PV took issue with the framing / scope of the PhD – namely that tackling reproducibility of decisions is too big of a task for the PhD. Need to first evaluate reproducibility for decisions first.
I agree with PV’s point that looking at reproducibility of decisions is too big of a task for this PhD. However, I still think that retaining this broader framing of the problem, is important. I’ll argue this below some more, but I need to explicate this point more clearly – in my mind, zooming in on ecological models still constitutes a focus on “reproducibility of decisions”; modelling is one (big!) element in the decision-process.
My intuition is that, in failing to consider that the models are used in a decision-making context, important information about the extrinsic causes of QRPs will be lost. I can’t think of a concrete example right now, but I think the classification of a practice as questionable or not might be dependent on whether the model is being build for a decision-context or not.

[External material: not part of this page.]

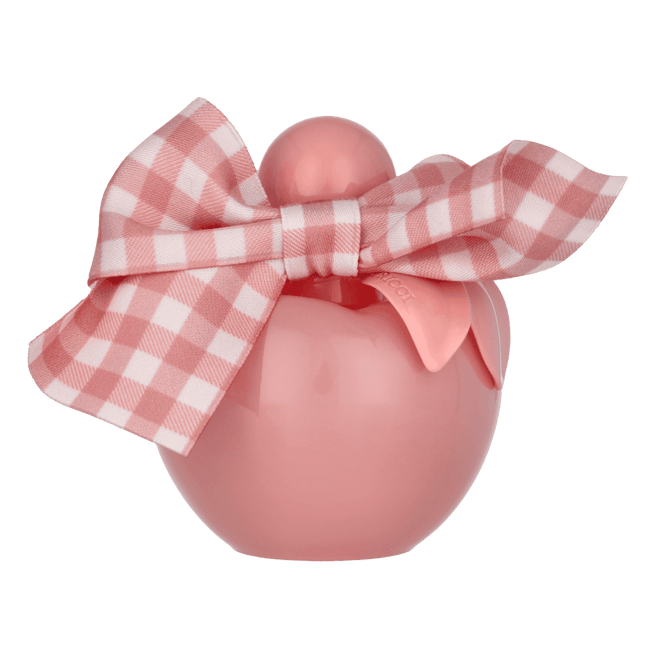 Nina Ricci Nina Rose Garden Limited Edition (W) EDT 50ml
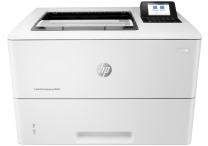 HP LaserJet Enterprise M507dn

In terms of extrinsic conditions – in addition to publication bias towards novel modelling techniques, or novel applications of existing modelling approaches, in a decision-making context, there are a large number of agents with the potential to thwart the objective, best-practice development of the model. For example: decision-makers who have engaged the analyst or modeller may push model development down a particular path, rejecting the original decision in favour of their preferred decision, and may make requests of the modeller that are QRPs.
I also think there are some particularities in the ways models are reported and evaluated in the published literature when modelling for decision-support. For example, scenario testing is commonly used to model predictions under uncertain future conditions, but is also used to demonstrate model performance or utility. It has been pointed out before [@Law:2017ia], that model performance can be misrepresented by inappropriate scenario selection. I think that you can skew the reader’s perception of the model by chery-picking a suite of scenarios that bolster the apparent performance of the model.
So, in short, the two examples above illustrate that there are particularities in both the technical application of ecological models and extrinsic pressures faced by ecological modellers that at least warrant framing the scope of the thesis on “ecological modelling for decision-support.” I think these are some particular things that we do in ecological modelling for decision-support, that might be missed if you just frame the problem as one of “ecological models”.
2. Measuring Prevalence of QRPs
PV raised the concern that, as the QRP survey questions are currently framed, we’re not really able to estimate the ‘background rate’ of QRP engagement, and therefore, can’t really measure the prevalence of a given QRP within the body of literature. To overcome this, PV suggested modelling QRP engagement as a binomial process (frequency: never or \(\ge 1\)). In asking this question in conjunction with eliciting how times respondants have engaged in a given QRP (within a bounded timeframe), we can then estimate the background rate. And potentially get at the proportion of published literature affected by a given QRP, if we are able to estimate the number of papers using each modelling method.
FF noted that this would be an underestimate of the true background rate, while CH noted that it will be difficult for some researchers to estimate the number of papers published in which they’ve used that practice, especially with increasing time since PhD / number of papers published.
I think this is a great idea, and one that I’d like to consider in more depth. Earlier this year, we had briefly discussed doing something similar, where we elicit frequency of engagement (link to notes) but hadn’t considered using a continuous measure of an individual’s frequency (we talked about binned, ordinal categories). Let’s talk about this soon.
3. Structuring the QRP work
So just the QRP roadmaps has turned out to be a pretty big task in its own right. We talked about splitting the QRP work into 2, or even 3 chapters.
- QRP survey.
- The literature review resulting in the QRP roadmaps.
- (??) Same as 2, but only focussing on SDM.
I think the split between the survey and the roadmaps is definitely a natural one, and one that has become more apparent as the first two roadmaps near completion. Splitting off the SDM QRP roadmaps would also help in making the task more tractible, while also allowing this work to reach SDM people specifically. Also, the SDM literature is a minefield. Lots of issues, lots of voices (often conflicting), lots of problematic practices, with conflicting views about their defensibility. Probably need a whole paper’s space to think about QRP’s in this context, to properly give them the necessary air-time?